**INSTRUCTIONS FOR THE TASK**
Below are the records; give again exactly the line with "2011 FORD F150 SUPERCREW", the line with "ثلاجه جيبسون ...خط 110 تحتاج فريون 50 0", and each line that lies between them, and nothing besides.

**LISTED RECORDS**
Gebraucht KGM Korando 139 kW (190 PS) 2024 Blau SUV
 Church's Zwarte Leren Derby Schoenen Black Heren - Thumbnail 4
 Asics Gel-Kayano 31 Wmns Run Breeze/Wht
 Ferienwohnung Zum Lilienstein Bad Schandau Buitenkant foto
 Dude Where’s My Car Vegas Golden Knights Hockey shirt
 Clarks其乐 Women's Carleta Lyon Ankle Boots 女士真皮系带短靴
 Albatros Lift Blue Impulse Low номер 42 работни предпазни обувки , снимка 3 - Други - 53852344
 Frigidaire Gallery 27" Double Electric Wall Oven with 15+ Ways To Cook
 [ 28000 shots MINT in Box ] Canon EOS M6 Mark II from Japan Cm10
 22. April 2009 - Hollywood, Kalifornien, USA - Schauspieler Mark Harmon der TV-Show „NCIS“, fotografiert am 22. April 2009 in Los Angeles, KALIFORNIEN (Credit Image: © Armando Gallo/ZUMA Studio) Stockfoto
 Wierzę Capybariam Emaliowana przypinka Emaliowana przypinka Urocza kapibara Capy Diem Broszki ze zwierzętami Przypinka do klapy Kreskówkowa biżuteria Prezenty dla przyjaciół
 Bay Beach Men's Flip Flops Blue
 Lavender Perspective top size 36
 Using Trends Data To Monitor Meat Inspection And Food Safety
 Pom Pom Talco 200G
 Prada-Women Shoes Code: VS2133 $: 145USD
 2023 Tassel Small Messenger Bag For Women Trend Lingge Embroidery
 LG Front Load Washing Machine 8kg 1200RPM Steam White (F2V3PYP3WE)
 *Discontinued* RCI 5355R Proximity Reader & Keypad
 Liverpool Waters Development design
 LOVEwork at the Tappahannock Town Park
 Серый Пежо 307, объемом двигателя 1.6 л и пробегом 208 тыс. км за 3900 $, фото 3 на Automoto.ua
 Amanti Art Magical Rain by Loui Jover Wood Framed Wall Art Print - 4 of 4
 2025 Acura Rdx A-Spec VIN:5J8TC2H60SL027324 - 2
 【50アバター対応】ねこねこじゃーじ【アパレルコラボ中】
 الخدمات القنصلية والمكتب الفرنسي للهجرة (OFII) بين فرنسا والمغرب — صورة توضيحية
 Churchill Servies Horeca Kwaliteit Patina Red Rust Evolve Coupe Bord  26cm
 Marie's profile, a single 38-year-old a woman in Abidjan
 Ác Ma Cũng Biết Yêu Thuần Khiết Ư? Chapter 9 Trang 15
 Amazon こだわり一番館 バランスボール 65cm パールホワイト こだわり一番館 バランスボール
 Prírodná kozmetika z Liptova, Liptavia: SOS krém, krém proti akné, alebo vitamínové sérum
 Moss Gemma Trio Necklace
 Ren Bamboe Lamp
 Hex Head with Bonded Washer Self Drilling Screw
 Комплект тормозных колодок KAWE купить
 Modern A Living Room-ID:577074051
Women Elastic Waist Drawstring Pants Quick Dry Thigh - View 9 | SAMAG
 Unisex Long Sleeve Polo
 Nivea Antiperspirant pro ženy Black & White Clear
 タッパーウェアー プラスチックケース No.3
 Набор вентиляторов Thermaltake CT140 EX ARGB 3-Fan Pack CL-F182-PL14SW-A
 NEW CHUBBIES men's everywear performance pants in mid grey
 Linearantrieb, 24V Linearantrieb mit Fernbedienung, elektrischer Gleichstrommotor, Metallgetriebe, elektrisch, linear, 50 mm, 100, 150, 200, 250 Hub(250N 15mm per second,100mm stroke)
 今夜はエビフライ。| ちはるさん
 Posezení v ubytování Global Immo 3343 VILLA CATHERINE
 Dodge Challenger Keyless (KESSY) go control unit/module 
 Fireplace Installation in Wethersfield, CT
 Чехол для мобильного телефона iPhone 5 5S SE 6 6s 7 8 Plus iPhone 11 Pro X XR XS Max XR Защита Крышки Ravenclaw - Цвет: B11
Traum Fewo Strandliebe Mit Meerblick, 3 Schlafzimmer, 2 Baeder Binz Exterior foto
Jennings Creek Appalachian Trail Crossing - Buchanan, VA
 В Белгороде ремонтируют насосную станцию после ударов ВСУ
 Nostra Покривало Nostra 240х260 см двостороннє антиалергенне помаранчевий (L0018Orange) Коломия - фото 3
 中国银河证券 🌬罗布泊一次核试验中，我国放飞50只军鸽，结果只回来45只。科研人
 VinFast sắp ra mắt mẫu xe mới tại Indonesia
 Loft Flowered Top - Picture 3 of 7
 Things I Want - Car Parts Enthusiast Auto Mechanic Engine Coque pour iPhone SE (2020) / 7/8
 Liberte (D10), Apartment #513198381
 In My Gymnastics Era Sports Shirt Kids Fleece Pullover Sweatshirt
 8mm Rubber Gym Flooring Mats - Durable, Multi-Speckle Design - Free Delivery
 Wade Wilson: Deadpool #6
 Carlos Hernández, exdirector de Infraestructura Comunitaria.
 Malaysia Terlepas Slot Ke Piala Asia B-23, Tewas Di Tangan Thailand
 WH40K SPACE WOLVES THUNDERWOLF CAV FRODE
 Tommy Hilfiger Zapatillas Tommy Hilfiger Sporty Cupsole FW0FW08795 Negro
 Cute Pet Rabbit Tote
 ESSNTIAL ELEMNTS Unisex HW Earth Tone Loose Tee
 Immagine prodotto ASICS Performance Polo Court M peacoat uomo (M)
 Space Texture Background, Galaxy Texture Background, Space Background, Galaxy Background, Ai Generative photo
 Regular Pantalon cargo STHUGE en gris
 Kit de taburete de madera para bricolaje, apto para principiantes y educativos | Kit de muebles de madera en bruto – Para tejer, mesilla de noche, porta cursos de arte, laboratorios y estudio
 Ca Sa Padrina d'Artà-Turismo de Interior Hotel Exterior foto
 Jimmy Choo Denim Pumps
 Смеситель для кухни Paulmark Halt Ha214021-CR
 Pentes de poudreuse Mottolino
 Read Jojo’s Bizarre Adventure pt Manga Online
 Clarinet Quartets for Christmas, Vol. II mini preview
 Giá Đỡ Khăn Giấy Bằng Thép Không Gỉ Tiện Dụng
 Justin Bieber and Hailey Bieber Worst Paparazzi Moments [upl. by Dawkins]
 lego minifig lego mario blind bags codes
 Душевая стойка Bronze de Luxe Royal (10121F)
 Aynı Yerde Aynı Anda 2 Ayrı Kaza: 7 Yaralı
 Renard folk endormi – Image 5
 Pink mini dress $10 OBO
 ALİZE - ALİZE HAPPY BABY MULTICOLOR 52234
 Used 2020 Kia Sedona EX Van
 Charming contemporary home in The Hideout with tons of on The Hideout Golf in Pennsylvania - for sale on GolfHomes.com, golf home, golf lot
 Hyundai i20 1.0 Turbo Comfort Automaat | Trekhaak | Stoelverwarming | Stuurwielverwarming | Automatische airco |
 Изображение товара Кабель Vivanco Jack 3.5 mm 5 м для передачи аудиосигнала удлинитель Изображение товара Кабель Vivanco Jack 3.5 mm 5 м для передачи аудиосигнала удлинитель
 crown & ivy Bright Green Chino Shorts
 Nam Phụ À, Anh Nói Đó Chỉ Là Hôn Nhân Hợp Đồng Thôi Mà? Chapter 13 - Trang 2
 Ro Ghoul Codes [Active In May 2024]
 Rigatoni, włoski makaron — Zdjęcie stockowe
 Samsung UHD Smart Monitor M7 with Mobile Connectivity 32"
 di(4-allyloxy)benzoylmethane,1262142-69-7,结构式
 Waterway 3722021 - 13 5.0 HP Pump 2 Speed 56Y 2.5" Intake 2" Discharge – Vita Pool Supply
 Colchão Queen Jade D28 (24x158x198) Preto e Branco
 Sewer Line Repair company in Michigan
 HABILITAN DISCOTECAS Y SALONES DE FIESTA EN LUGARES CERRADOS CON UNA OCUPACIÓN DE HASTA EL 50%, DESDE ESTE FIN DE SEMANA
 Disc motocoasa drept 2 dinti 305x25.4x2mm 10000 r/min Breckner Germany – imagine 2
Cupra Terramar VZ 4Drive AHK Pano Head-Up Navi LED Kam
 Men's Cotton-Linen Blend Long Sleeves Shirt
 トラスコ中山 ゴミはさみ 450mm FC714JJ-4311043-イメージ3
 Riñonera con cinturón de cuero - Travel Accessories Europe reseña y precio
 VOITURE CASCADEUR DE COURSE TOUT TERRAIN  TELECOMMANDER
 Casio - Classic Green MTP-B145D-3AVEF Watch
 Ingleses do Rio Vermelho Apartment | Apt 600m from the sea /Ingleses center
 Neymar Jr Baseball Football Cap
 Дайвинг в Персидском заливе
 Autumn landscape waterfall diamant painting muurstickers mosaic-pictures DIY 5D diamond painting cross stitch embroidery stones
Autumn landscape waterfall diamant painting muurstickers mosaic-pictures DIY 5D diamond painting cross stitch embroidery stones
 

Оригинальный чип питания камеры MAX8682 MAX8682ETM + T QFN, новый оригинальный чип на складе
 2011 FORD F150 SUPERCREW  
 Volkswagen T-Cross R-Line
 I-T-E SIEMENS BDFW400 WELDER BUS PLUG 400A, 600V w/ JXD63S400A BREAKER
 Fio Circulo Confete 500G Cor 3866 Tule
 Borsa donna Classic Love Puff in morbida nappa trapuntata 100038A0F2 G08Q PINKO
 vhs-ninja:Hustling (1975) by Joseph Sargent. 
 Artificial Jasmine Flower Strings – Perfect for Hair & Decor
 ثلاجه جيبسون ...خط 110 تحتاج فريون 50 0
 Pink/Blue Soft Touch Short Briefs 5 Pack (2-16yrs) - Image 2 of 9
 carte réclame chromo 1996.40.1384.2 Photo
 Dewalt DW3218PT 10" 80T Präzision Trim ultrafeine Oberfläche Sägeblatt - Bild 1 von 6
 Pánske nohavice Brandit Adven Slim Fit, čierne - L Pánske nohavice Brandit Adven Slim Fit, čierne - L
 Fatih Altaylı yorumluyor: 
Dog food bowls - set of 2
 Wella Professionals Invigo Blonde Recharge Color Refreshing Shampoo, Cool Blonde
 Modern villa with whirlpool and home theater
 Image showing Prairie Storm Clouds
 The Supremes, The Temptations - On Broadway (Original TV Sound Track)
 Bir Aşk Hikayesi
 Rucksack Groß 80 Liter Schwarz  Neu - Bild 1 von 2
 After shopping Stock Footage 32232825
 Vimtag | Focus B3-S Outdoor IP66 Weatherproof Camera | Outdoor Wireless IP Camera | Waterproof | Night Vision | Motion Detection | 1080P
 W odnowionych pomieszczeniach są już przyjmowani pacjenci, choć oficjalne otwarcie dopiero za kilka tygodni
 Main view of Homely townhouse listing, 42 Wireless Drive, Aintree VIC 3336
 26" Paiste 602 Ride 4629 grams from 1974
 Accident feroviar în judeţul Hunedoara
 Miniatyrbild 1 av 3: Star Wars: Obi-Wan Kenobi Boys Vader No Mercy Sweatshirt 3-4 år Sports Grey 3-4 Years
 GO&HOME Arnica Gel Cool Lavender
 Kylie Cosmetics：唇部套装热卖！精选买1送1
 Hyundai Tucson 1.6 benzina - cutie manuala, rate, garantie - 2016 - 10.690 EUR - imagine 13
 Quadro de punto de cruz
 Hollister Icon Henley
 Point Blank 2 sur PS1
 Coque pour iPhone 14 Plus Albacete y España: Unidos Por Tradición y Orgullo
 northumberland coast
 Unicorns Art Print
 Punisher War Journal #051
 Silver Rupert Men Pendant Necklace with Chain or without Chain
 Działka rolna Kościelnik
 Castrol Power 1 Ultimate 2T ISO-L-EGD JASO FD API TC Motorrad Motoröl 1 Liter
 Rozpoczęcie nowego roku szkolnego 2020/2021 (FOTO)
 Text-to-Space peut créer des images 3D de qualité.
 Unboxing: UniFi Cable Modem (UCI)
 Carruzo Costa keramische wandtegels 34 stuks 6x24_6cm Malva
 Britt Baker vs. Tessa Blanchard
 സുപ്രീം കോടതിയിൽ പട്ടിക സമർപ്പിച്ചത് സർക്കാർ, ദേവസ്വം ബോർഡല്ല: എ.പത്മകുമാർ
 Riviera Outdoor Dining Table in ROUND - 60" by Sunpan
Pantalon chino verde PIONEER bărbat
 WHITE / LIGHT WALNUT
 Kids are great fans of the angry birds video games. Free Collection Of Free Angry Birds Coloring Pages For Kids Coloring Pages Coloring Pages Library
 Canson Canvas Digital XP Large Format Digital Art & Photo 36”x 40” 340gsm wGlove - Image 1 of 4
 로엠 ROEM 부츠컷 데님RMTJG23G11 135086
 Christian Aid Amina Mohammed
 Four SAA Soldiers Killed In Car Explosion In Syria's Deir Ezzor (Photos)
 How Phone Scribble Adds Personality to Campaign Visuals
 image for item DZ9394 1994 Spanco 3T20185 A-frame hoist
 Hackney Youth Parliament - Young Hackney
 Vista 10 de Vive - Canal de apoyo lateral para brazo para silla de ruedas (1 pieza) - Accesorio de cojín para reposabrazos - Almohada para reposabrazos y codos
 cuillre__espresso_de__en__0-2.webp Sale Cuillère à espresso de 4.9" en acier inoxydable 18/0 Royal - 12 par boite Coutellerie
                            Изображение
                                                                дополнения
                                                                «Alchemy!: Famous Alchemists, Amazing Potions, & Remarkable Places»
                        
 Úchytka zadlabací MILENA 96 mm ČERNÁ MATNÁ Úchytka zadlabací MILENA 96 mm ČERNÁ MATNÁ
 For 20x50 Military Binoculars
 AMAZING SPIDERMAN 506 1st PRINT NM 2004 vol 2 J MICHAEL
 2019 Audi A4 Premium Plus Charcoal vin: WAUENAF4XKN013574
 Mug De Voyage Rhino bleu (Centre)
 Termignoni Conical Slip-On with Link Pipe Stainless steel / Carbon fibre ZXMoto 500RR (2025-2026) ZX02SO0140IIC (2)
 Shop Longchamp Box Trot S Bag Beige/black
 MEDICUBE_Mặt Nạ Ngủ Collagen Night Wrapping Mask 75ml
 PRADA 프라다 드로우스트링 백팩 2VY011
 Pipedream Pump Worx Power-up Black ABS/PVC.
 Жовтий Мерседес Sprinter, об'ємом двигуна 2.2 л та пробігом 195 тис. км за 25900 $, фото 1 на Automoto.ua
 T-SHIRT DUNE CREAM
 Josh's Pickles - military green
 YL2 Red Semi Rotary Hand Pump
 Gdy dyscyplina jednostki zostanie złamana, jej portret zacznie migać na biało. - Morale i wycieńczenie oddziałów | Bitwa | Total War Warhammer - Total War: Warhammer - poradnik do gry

**ANSWER FOR THE TASK**
 2011 FORD F150 SUPERCREW  
 Volkswagen T-Cross R-Line
 I-T-E SIEMENS BDFW400 WELDER BUS PLUG 400A, 600V w/ JXD63S400A BREAKER
 Fio Circulo Confete 500G Cor 3866 Tule
 Borsa donna Classic Love Puff in morbida nappa trapuntata 100038A0F2 G08Q PINKO
 vhs-ninja:Hustling (1975) by Joseph Sargent. 
 Artificial Jasmine Flower Strings – Perfect for Hair & Decor
 ثلاجه جيبسون ...خط 110 تحتاج فريون 50 0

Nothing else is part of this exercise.